Thank you. I wanted to start by asking about the updated guidance range. Just in light of recent scanner data and also in light of some economists anticipating that the economy itself kind of slumps a little bit ahead from here. Was there any thought of assuming that the macro worsened ahead? It seems, and correct me if I'm wrong, that you're assuming that the situation kind of stays constant. I'm just curious if there's enough downside risk kind of baked in just given some of the lack of visibility ahead.

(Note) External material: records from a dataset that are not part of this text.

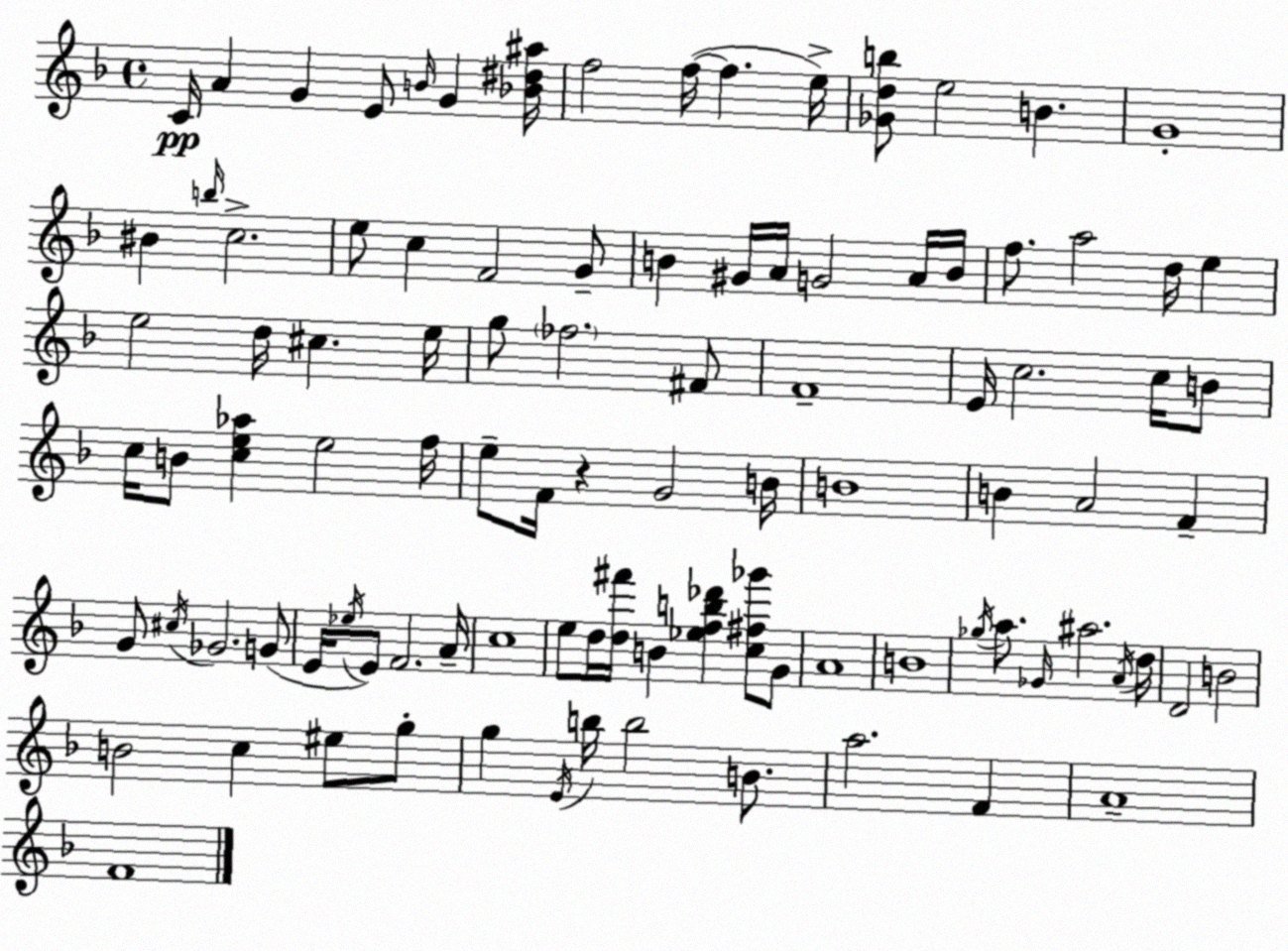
X:1
T:Untitled
M:4/4
L:1/4
K:Dm
C/4 A G E/2 B/4 G [_B^d^a]/4 f2 f/4 f e/4 [_Gdb]/2 e2 B G4 ^B b/4 c2 e/2 c F2 G/2 B ^G/4 A/4 G2 A/4 B/4 f/2 a2 d/4 e e2 d/4 ^c e/4 g/2 _f2 ^F/2 F4 E/4 c2 c/4 B/2 c/4 B/2 [ce_a] e2 f/4 e/2 F/4 z G2 B/4 B4 B A2 F G/2 ^c/4 _G2 G/2 E/4 _e/4 E/2 F2 A/4 c4 e/2 d/4 [d^f']/4 B [_efb_d'] [c^f_g']/2 G/2 A4 B4 _g/4 a/2 _G/4 ^a2 A/4 d/4 D2 B2 B2 c ^e/2 g/2 g E/4 b/4 b2 B/2 a2 F A4 F4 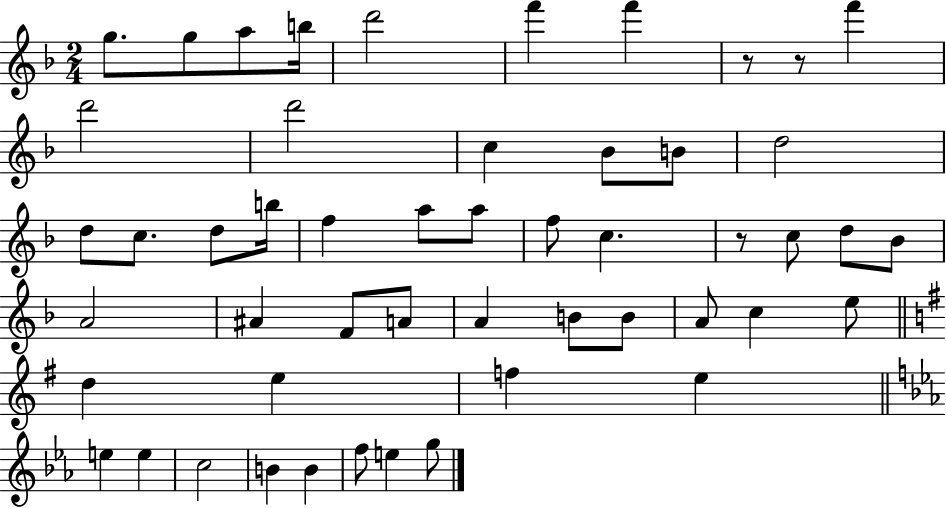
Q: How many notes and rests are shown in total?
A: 51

Yeah, Ken. We obviously looked at a wide range of scenarios. We really focused on where our business is and how it is performing right now. And we believe, based on what we're seeing in the consumption data and what we know about our marketing plans for the back half of the year and the new customer distribution gains that we'll have in the back half of the year, we feel like we're in the right spot. But as we said in the commentary, the assumption that we built here was that the consumer environment that we had in the first quarter would continue for the balance of the year. If it gets materially worse, obviously, that would have some impact and we would take some actions based on that. If it gets better, obviously, that would be good news for us. But we look at it on balance; we feel like we're in a fairly stable place right now, and we're projecting that moving forward.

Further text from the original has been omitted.